### Given material

::::::::::

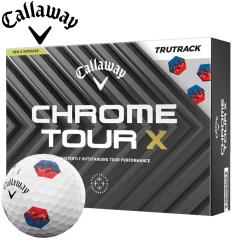 LEFC N cA[X gD[gbN {[ 2024 zCg 1_[X {Ki Callaway CHROME TOUR X TRUTRACK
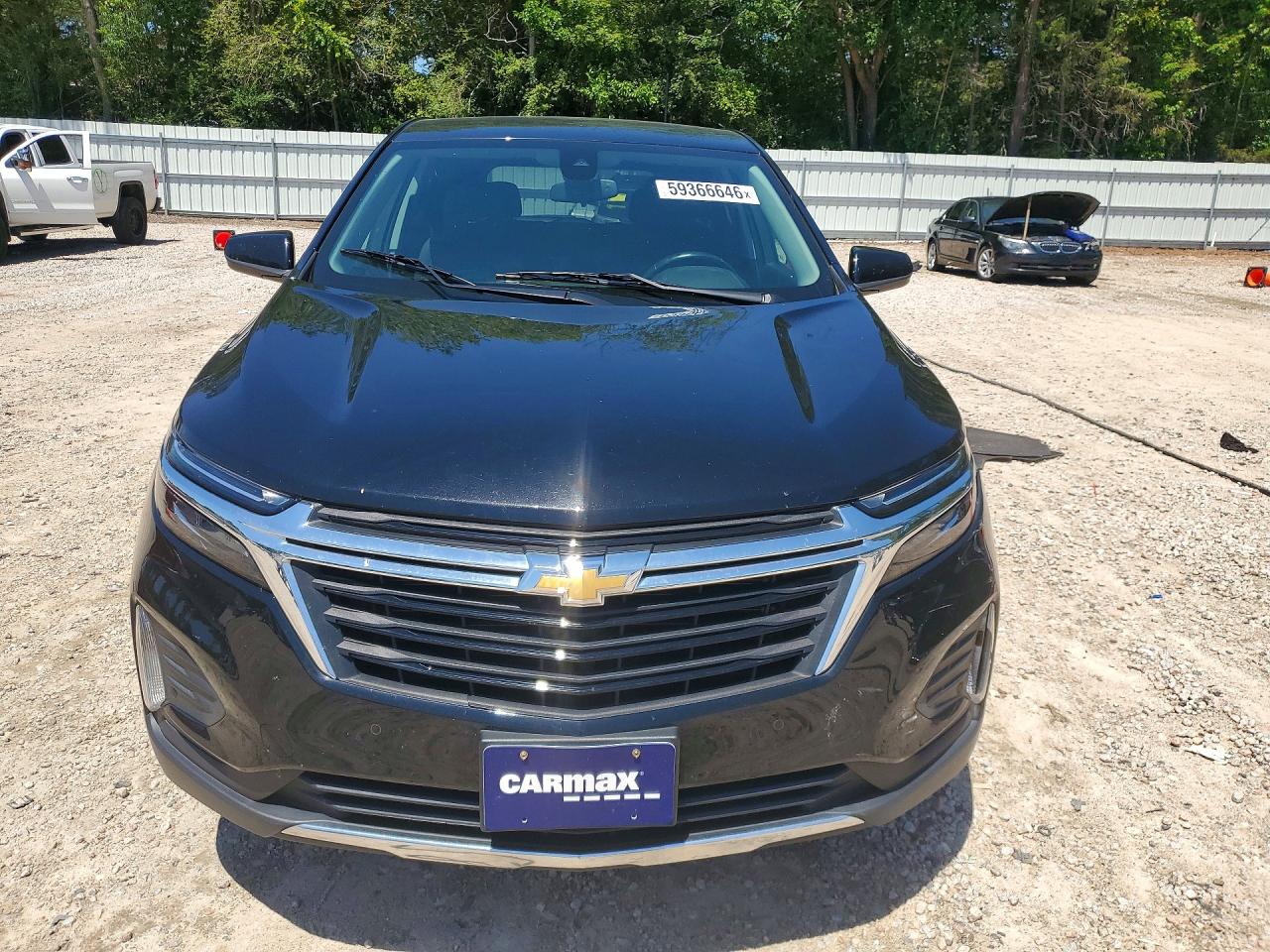 2022 CHEVROLET EQUINOX LT — снимка 5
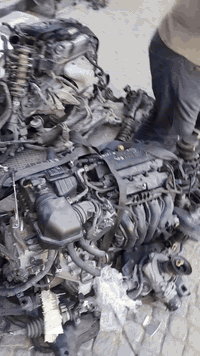 تم وصول وجبه محركات هوندا ياباني هوندا سيفك موديل 2006الى 2011  هوندا ...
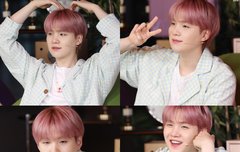 웅 민윤기 사랑해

::::::::::

### What this task involves
Output all lines above precisely. Pictures are to be left out.

### Exercise response
 LEFC N cA[X gD[gbN {[ 2024 zCg 1_[X {Ki Callaway CHROME TOUR X TRUTRACK
 2022 CHEVROLET EQUINOX LT — снимка 5
 تم وصول وجبه محركات هوندا ياباني هوندا سيفك موديل 2006الى 2011  هوندا ...
 웅 민윤기 사랑해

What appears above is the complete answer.